■ What you will do ■
The listing that follows must be retyped exactly, without its pictures.

■ Input material ■
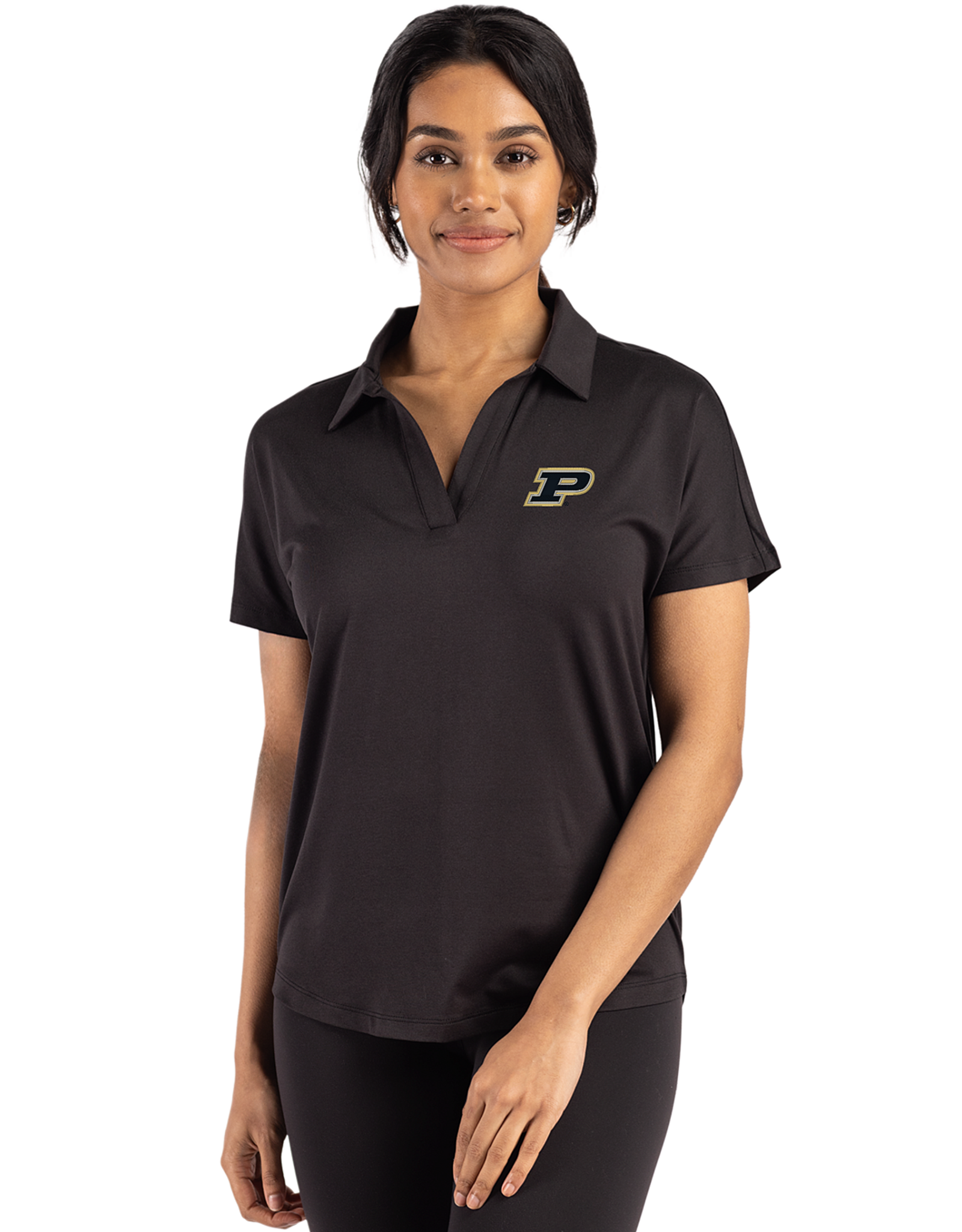 CUTTER & BUCK CB 0193 COASTLINE DOLMAN POLO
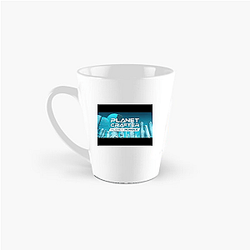 The Planet Crafter Style The Planet Crafter Mugs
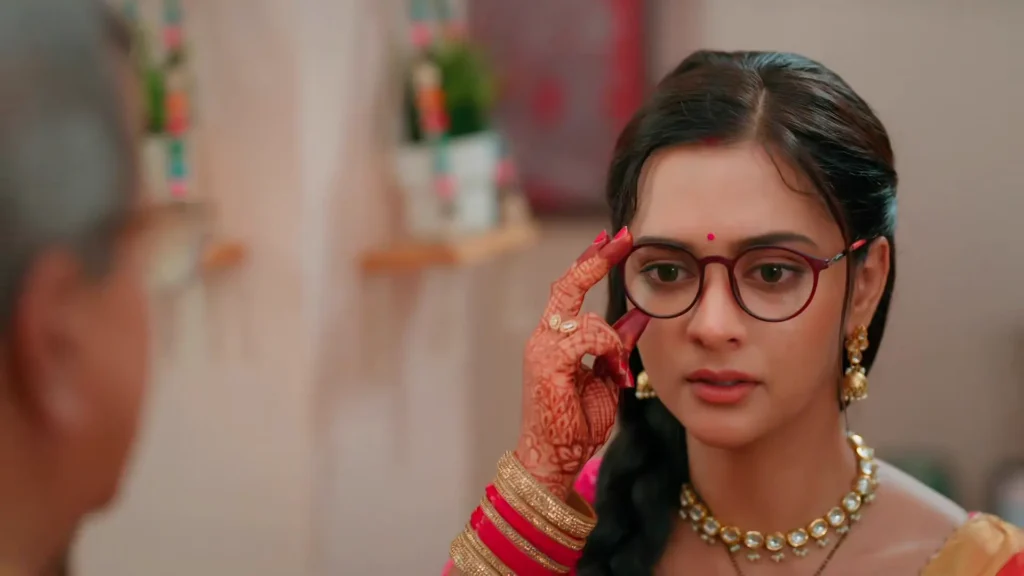 Kabhi Neem Neem Kabhi Shahad Shahad 23 July 2025 Written Update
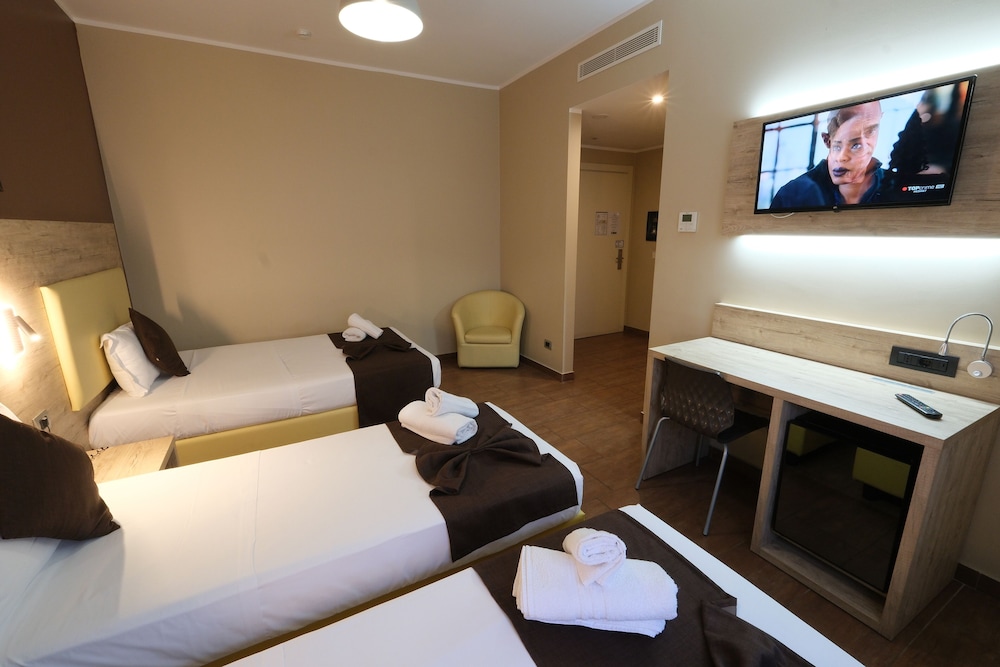 Hotel Giacosa 21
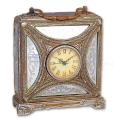 Сувенирные часы "Эпоха"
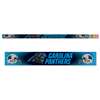 Carolina Panthers Pencil - 6-pack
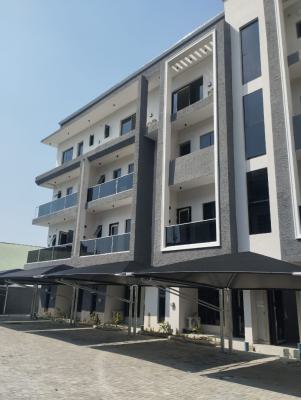 4 Bedroom Terrace Duplex with Boys Quarters, Oniru, Victoria Island (vi), Lagos, Terraced Duplex for Sale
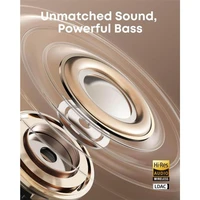 Slušalice bežične ANKER Soundcore AeroClip, bijele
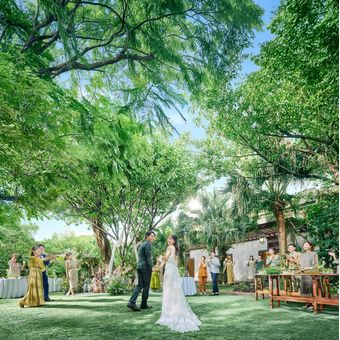 THE LUIGANS Spa & Resort(ザ・ルイガンズ.スパ&リゾート)のおすすめポイントの写真(2枚目)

■ Written response ■
 CUTTER & BUCK CB 0193 COASTLINE DOLMAN POLO
 The Planet Crafter Style The Planet Crafter Mugs
 Kabhi Neem Neem Kabhi Shahad Shahad 23 July 2025 Written Update
 Hotel Giacosa 21
 Сувенирные часы "Эпоха"
 Carolina Panthers Pencil - 6-pack
 4 Bedroom Terrace Duplex with Boys Quarters, Oniru, Victoria Island (vi), Lagos, Terraced Duplex for Sale
 Slušalice bežične ANKER Soundcore AeroClip, bijele
 THE LUIGANS Spa & Resort(ザ・ルイガンズ.スパ&リゾート)のおすすめポイントの写真(2枚目)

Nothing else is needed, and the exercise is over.